> _What needs to be done_: Each entry has to be given again in its exact wording, and no picture may appear in the result.

> _Material provided_:
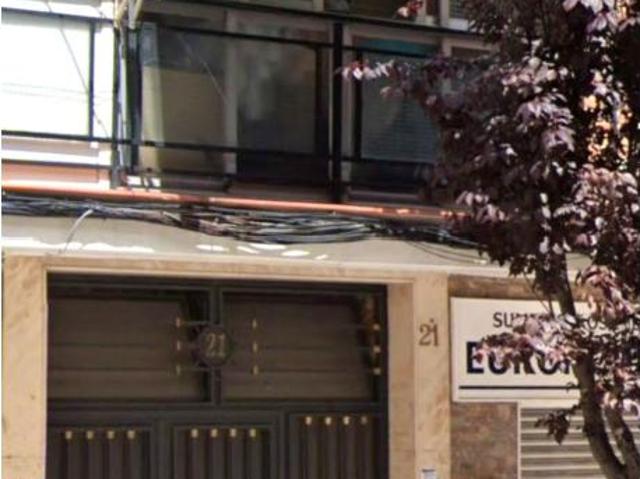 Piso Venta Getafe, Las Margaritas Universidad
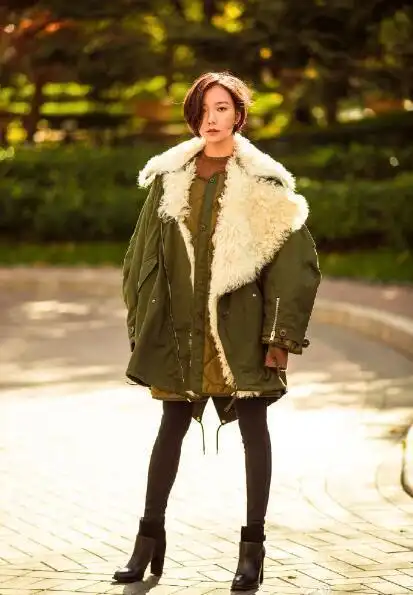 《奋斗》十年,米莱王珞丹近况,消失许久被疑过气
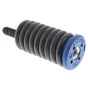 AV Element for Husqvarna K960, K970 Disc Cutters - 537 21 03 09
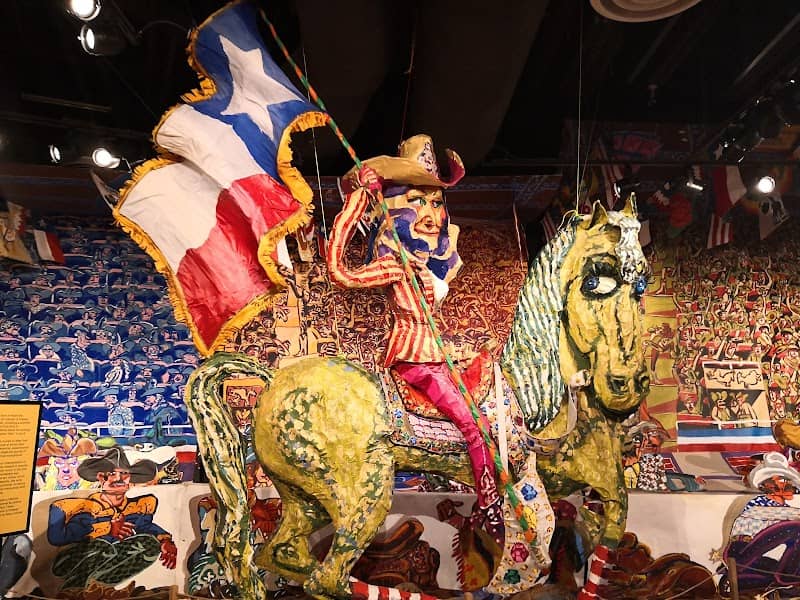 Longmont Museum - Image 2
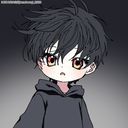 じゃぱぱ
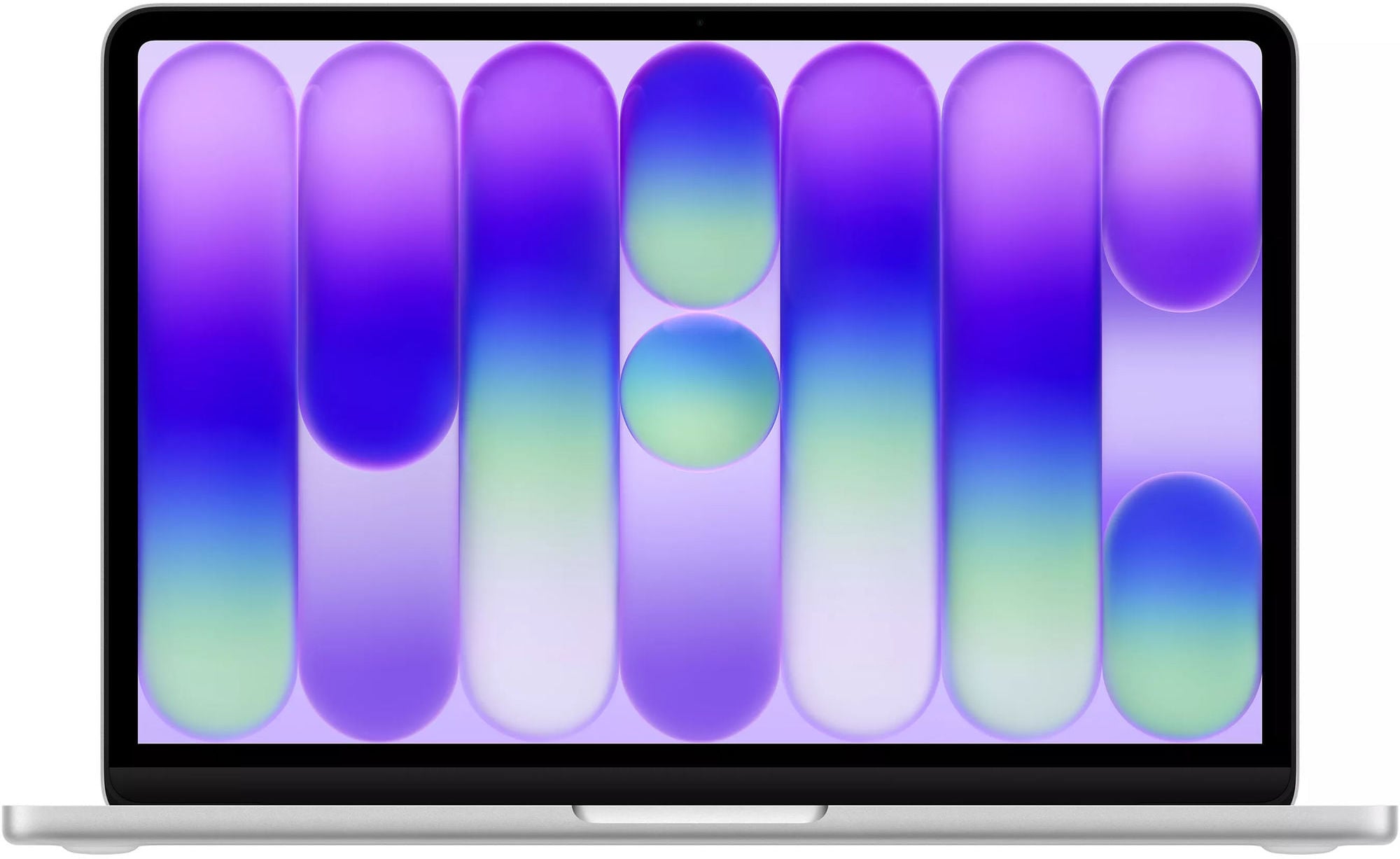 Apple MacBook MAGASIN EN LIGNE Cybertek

> _Answer to this task_:
 Piso Venta Getafe, Las Margaritas Universidad
 《奋斗》十年,米莱王珞丹近况,消失许久被疑过气
 AV Element for Husqvarna K960, K970 Disc Cutters - 537 21 03 09
 Longmont Museum - Image 2
 じゃぱぱ
 Apple MacBook MAGASIN EN LIGNE Cybertek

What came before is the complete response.